▸ **Task directions**
What lines below include the word "class"? Copy each one.

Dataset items
━━━━━━━━

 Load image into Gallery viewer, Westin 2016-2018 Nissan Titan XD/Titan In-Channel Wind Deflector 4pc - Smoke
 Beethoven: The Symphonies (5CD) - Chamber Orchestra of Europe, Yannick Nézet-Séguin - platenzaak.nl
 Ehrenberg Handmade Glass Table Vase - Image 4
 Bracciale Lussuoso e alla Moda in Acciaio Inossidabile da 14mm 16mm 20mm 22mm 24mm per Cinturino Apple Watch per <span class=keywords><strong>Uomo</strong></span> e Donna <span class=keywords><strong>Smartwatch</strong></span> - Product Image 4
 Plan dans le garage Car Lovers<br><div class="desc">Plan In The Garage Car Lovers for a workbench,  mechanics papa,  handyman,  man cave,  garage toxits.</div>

━━━━━━━━

▸ **Expected answer**
 Bracciale Lussuoso e alla Moda in Acciaio Inossidabile da 14mm 16mm 20mm 22mm 24mm per Cinturino Apple Watch per <span class=keywords><strong>Uomo</strong></span> e Donna <span class=keywords><strong>Smartwatch</strong></span> - Product Image 4
 Plan dans le garage Car Lovers<br><div class="desc">Plan In The Garage Car Lovers for a workbench,  mechanics papa,  handyman,  man cave,  garage toxits.</div>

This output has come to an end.